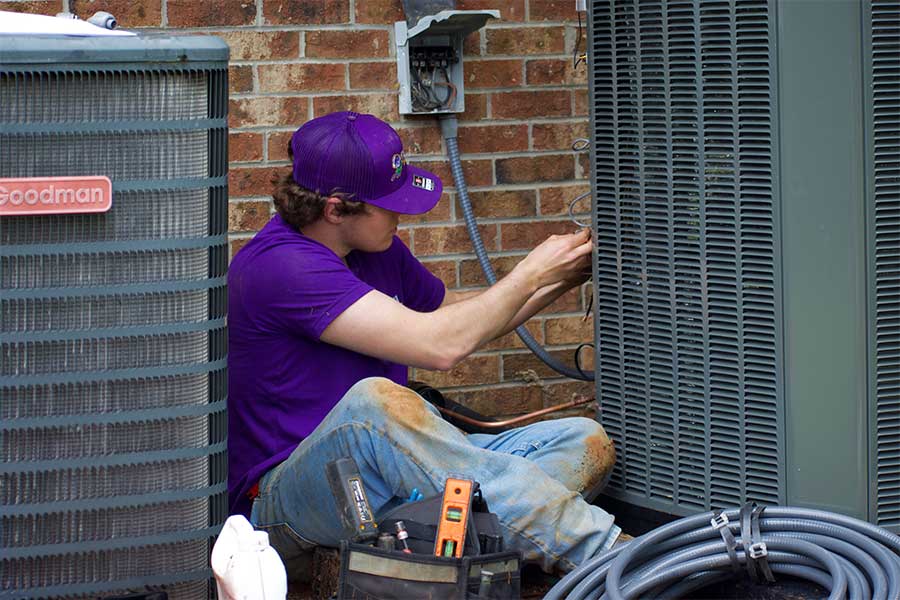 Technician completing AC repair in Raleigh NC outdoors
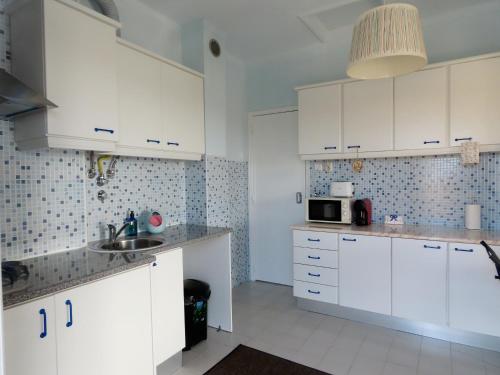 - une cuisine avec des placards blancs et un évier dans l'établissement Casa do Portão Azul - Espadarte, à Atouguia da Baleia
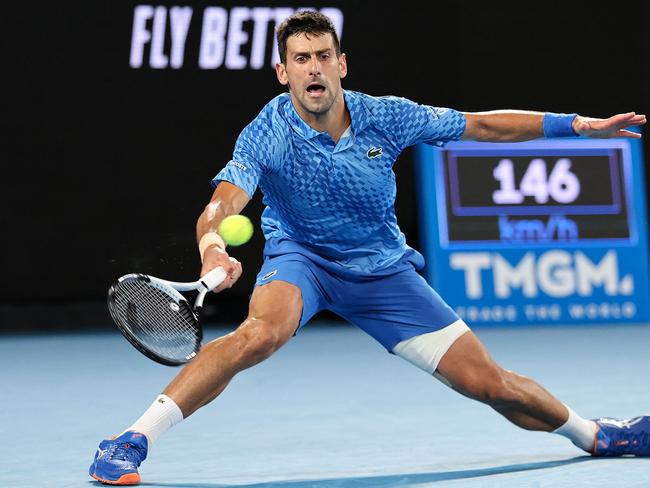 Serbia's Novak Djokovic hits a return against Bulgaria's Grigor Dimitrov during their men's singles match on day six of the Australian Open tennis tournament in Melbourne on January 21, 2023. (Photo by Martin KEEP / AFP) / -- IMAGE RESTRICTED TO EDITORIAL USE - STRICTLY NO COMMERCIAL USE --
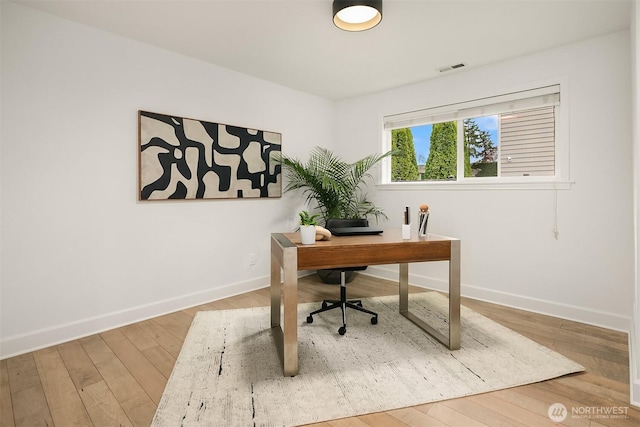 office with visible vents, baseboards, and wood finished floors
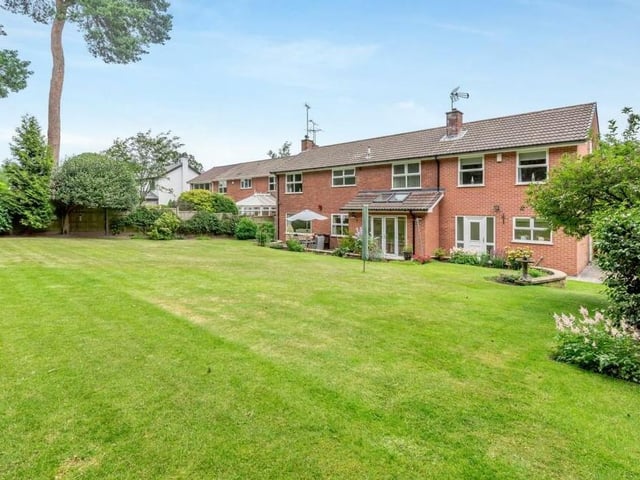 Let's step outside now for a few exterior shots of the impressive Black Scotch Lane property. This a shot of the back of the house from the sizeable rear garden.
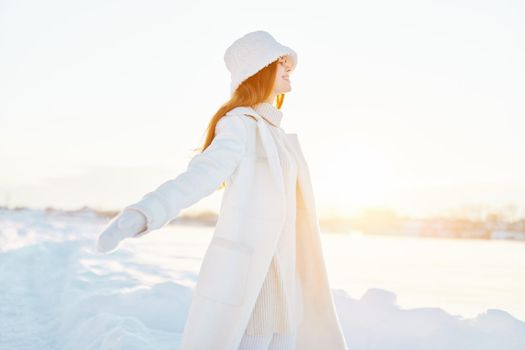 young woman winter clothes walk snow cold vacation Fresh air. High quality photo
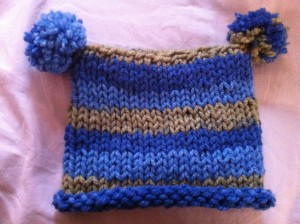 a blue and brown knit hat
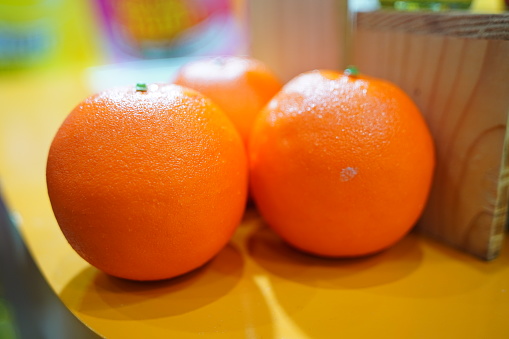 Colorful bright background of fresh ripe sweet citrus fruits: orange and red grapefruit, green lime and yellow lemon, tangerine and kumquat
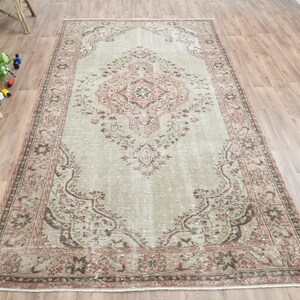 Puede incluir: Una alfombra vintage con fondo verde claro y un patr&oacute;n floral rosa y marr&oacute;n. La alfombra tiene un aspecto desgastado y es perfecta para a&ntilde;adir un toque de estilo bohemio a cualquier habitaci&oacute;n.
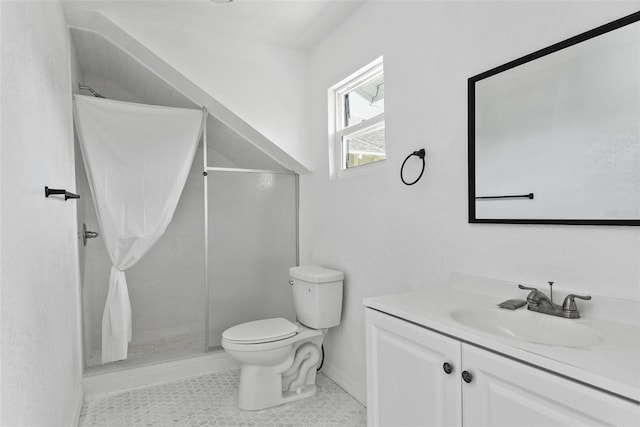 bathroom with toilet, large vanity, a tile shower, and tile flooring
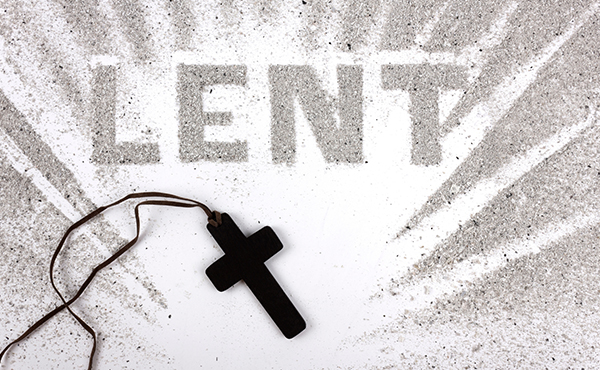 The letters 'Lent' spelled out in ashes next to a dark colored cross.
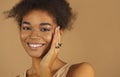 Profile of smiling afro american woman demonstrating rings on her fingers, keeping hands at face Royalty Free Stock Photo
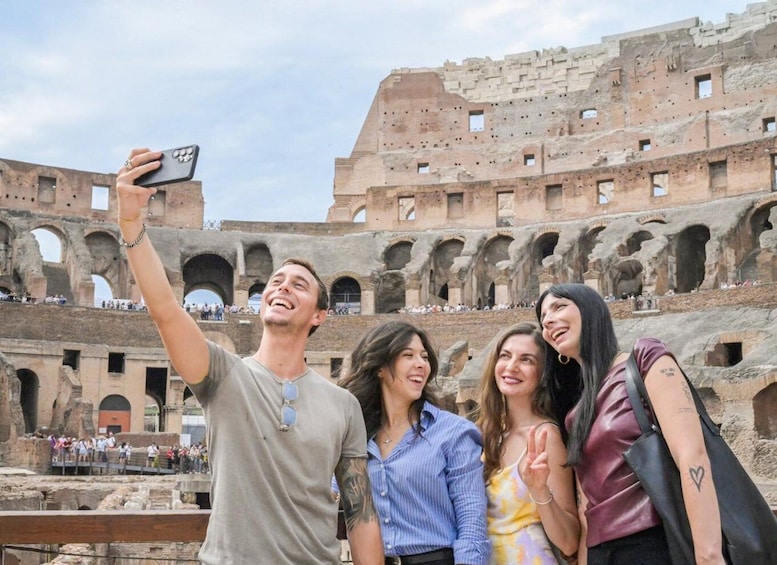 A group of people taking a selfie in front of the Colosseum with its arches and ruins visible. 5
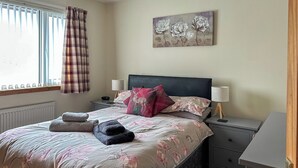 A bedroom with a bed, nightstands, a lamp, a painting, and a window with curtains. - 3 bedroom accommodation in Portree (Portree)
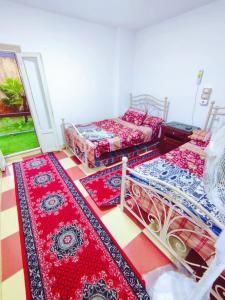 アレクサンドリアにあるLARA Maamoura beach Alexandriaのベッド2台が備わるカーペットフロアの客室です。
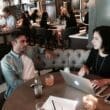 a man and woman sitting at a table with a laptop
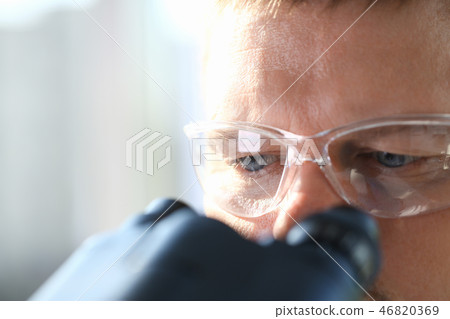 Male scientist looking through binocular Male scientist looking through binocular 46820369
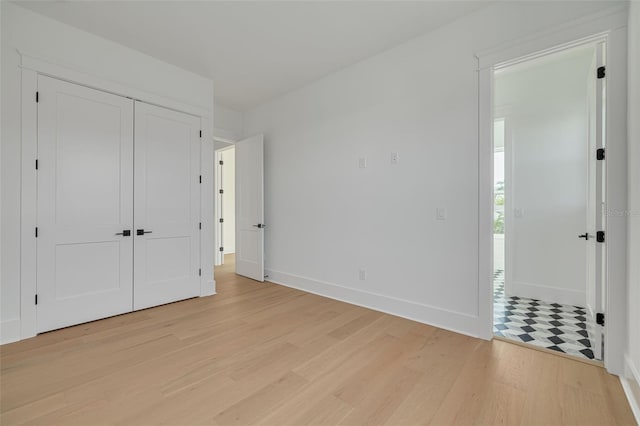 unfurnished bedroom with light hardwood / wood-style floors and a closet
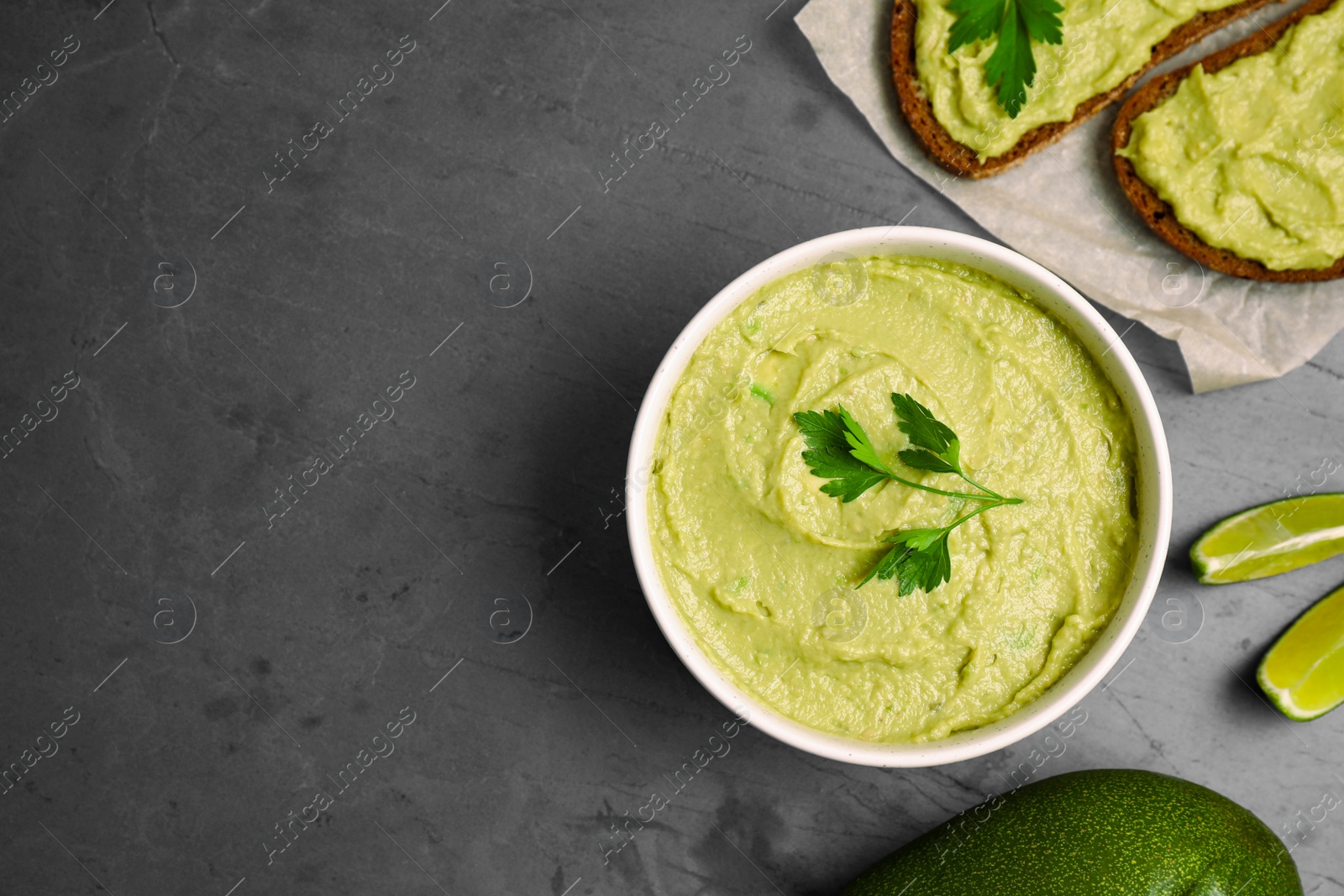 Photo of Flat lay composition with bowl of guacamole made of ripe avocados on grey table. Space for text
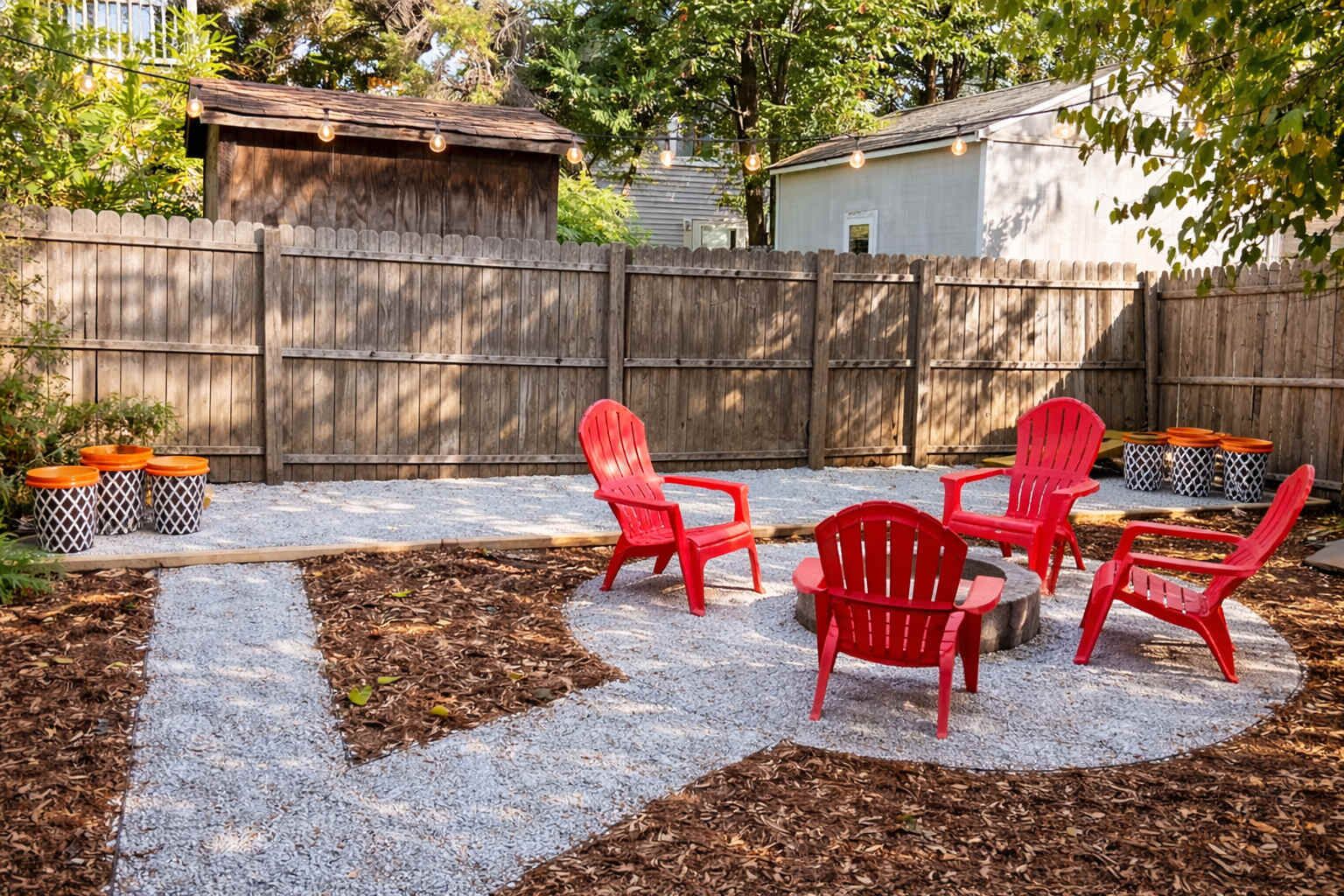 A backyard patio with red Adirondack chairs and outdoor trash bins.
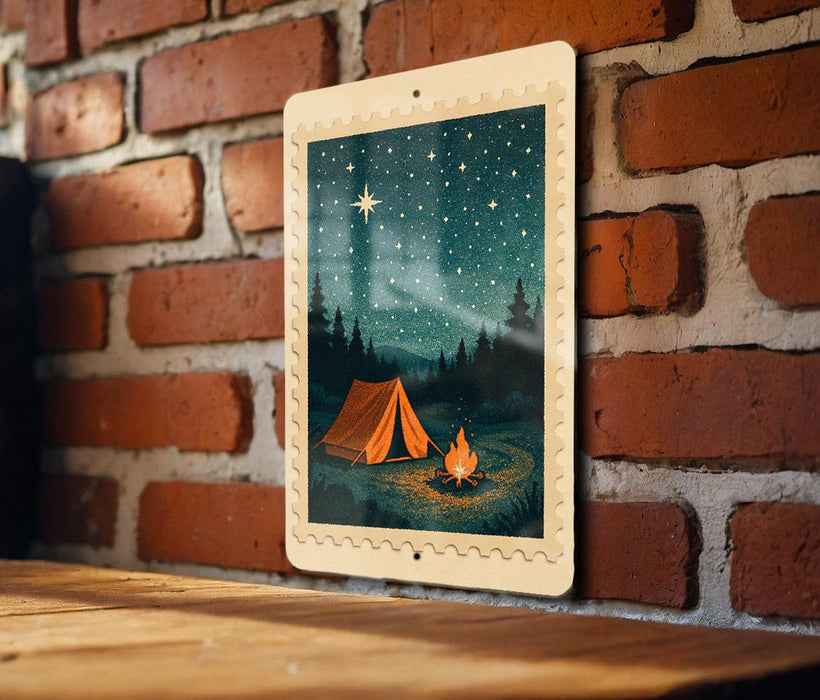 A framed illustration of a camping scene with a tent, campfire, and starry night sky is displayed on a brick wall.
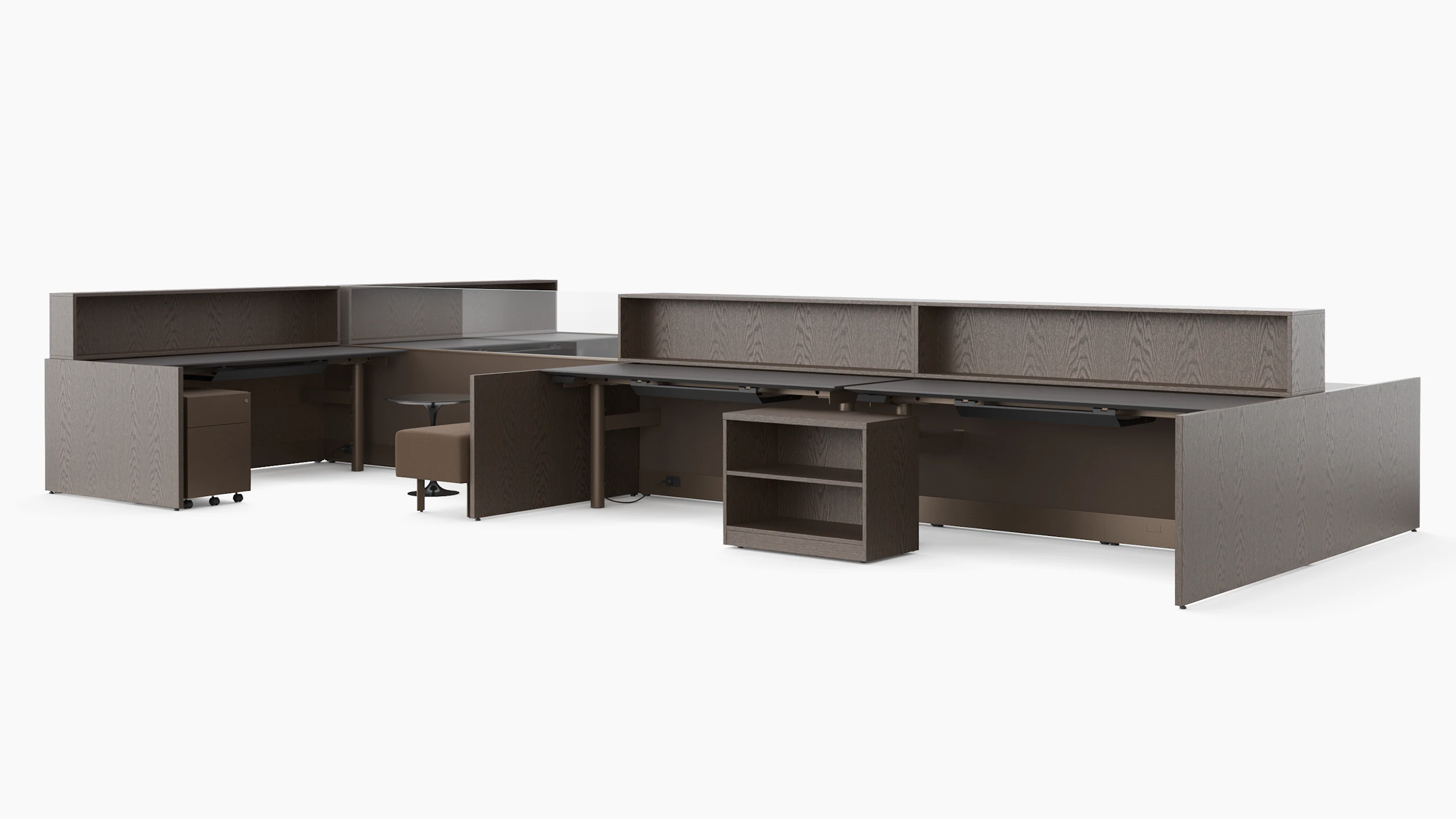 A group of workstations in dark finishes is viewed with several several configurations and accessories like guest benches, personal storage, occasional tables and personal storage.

========

=== What needs to be done ===
Please write out exactly, and only, the lines from the beginning of the entries through the line containing "Photo of Flat", including both and skipping all pictures.

=== Answer section ===
 Technician completing AC repair in Raleigh NC outdoors
 - une cuisine avec des placards blancs et un évier dans l'établissement Casa do Portão Azul - Espadarte, à Atouguia da Baleia
 Serbia's Novak Djokovic hits a return against Bulgaria's Grigor Dimitrov during their men's singles match on day six of the Australian Open tennis tournament in Melbourne on January 21, 2023. (Photo by Martin KEEP / AFP) / -- IMAGE RESTRICTED TO EDITORIAL USE - STRICTLY NO COMMERCIAL USE --
 office with visible vents, baseboards, and wood finished floors
 Let's step outside now for a few exterior shots of the impressive Black Scotch Lane property. This a shot of the back of the house from the sizeable rear garden.
 young woman winter clothes walk snow cold vacation Fresh air. High quality photo
 a blue and brown knit hat
 Colorful bright background of fresh ripe sweet citrus fruits: orange and red grapefruit, green lime and yellow lemon, tangerine and kumquat
 Puede incluir: Una alfombra vintage con fondo verde claro y un patr&oacute;n floral rosa y marr&oacute;n. La alfombra tiene un aspecto desgastado y es perfecta para a&ntilde;adir un toque de estilo bohemio a cualquier habitaci&oacute;n.
 bathroom with toilet, large vanity, a tile shower, and tile flooring
 The letters 'Lent' spelled out in ashes next to a dark colored cross.
 Profile of smiling afro american woman demonstrating rings on her fingers, keeping hands at face Royalty Free Stock Photo
 A group of people taking a selfie in front of the Colosseum with its arches and ruins visible. 5
 A bedroom with a bed, nightstands, a lamp, a painting, and a window with curtains. - 3 bedroom accommodation in Portree (Portree)
 アレクサンドリアにあるLARA Maamoura beach Alexandriaのベッド2台が備わるカーペットフロアの客室です。
 a man and woman sitting at a table with a laptop
 Male scientist looking through binocular Male scientist looking through binocular 46820369
 unfurnished bedroom with light hardwood / wood-style floors and a closet
 Photo of Flat lay composition with bowl of guacamole made of ripe avocados on grey table. Space for text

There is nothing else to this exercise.